Futrell, Gordon honored by the University with Watauga Medals
Two College of Engineering alumni received the Watauga Medal, NC State’s highest nonacademic honor, for 2021. Glenn Futrell and Suzanne Gordon were honored by the University during a program on Sept. 9.
The Watauga Medal was established in 1975 by the Board of Trustees to honor people who have made significant contributions to the advancement of the University. The name derives from the Watauga Club, a progressive group founded in 1884 by young men under the age of 30 who wanted to promote the educational, agricultural and industrial development of the state.
A native of Wayne County, NC, Futrell graduated with bachelor’s and master’s degrees in civil engineering in 1963 and 1965, respectively.
Futrell founded Soil & Materials Engineers, which grew to be the fifth-largest geotechnical engineering firm in the U.S. before being sold in 1987 to Westinghouse. He moved into the real estate development business and began work on Pirates Cove — a residential community and marina in Manteo, NC — as well as developments in Zebulon, Cary and Chapel Hill, NC.
Futrell credits NC State with not only providing a solid classroom education, but with teaching him work ethic and the lifelong value of being good at what you do and enjoying it. He says a stroke of luck led him to a master’s degree in soils and geotechnical engineering (instead of transportation or structures, which were his first choices but had no graduate student projects available when he was ready to start) and to his successful career.
He has supported the Department of Civil, Construction, and Environmental Engineering by endowing scholarships and two named professorships and has donated to support construction of Fitts-Woolard Hall, the department’s new home on Centennial Campus. Futrell served on the NC State Engineering Foundation (NCSEF) board of directors for 20 years; two of those years were as president.
“I love the University and I’ve always wanted to give back,” he said.
For Gordon, it’s a culmination of years of service to her alma mater.
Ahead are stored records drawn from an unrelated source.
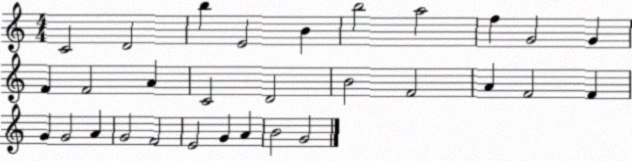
X:1
T:Untitled
M:4/4
L:1/4
K:C
C2 D2 b E2 B b2 a2 f G2 G F F2 A C2 D2 B2 F2 A F2 F G G2 A G2 F2 E2 G A B2 G2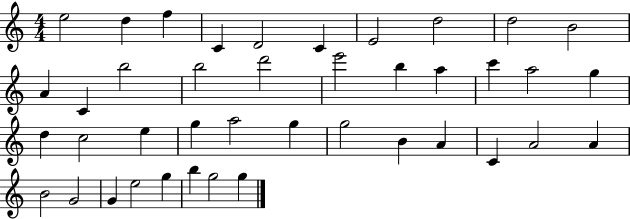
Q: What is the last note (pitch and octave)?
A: G5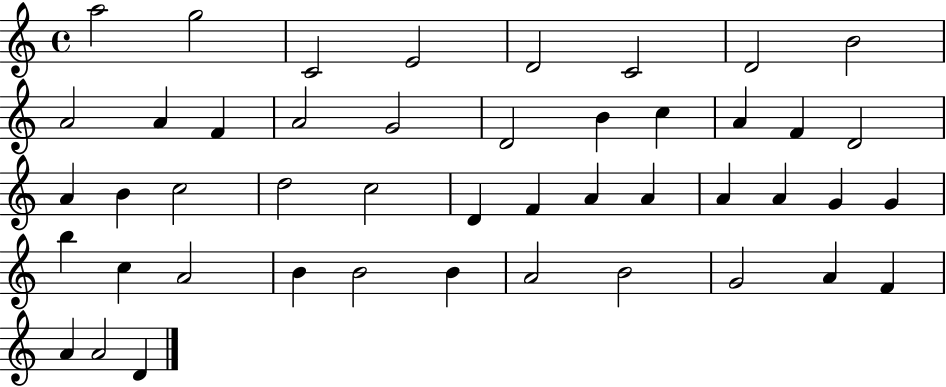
{
  \clef treble
  \time 4/4
  \defaultTimeSignature
  \key c \major
  a''2 g''2 | c'2 e'2 | d'2 c'2 | d'2 b'2 | \break a'2 a'4 f'4 | a'2 g'2 | d'2 b'4 c''4 | a'4 f'4 d'2 | \break a'4 b'4 c''2 | d''2 c''2 | d'4 f'4 a'4 a'4 | a'4 a'4 g'4 g'4 | \break b''4 c''4 a'2 | b'4 b'2 b'4 | a'2 b'2 | g'2 a'4 f'4 | \break a'4 a'2 d'4 | \bar "|."
}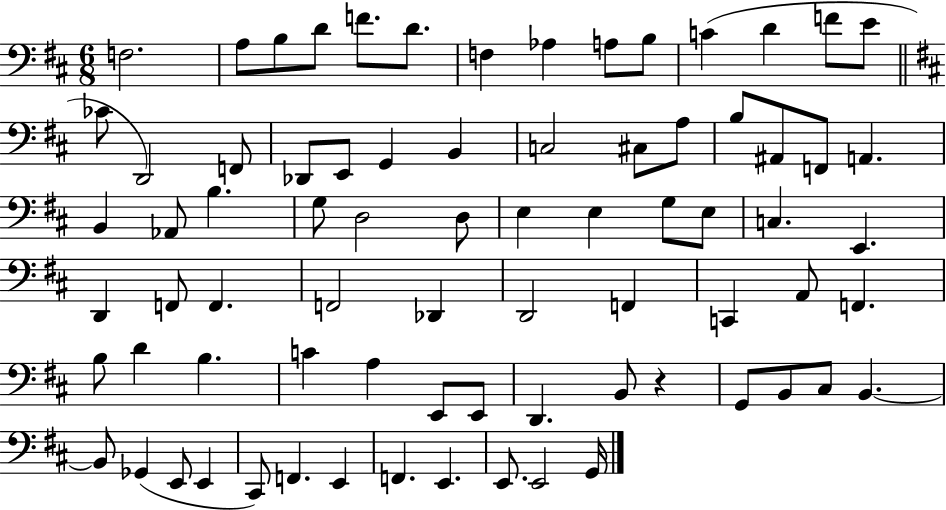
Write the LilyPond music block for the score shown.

{
  \clef bass
  \numericTimeSignature
  \time 6/8
  \key d \major
  f2. | a8 b8 d'8 f'8. d'8. | f4 aes4 a8 b8 | c'4( d'4 f'8 e'8 | \break \bar "||" \break \key d \major ces'8 d,2) f,8 | des,8 e,8 g,4 b,4 | c2 cis8 a8 | b8 ais,8 f,8 a,4. | \break b,4 aes,8 b4. | g8 d2 d8 | e4 e4 g8 e8 | c4. e,4. | \break d,4 f,8 f,4. | f,2 des,4 | d,2 f,4 | c,4 a,8 f,4. | \break b8 d'4 b4. | c'4 a4 e,8 e,8 | d,4. b,8 r4 | g,8 b,8 cis8 b,4.~~ | \break b,8 ges,4( e,8 e,4 | cis,8) f,4. e,4 | f,4. e,4. | e,8. e,2 g,16 | \break \bar "|."
}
She earned her bachelor’s degree in computer science and mathematics in 1975 and master’s degree in statistics in 1980. During her more than 30 years at SAS Institute, she held a variety of key leadership roles, rising to vice president of information technology, and eventually chief information officer, at the world’s largest privately held software company.
She has served on the NCSEF board and was its first woman president. She has also been a member of the Board of Trustees, the Alumni Association Board of Directors and on the College of Management Advisory Board. She is a Distinguished Alumna of both the College of Engineering and the College of Physical and Mathematical Sciences.
“I’m humbled and honored because of all of the great people who have received it,” Gordon said of the medal, citing several engineering alumni who have received the award in recent years.
She and her husband, Ralph Gordon, who holds bachelor’s and master’s degrees in civil engineering from NC State, have created multiple scholarship endowments at the University to help students in multiple disciplines. Both of their children and a daughter-in-law also attended the University.
“We’re just an NC State family,” she said.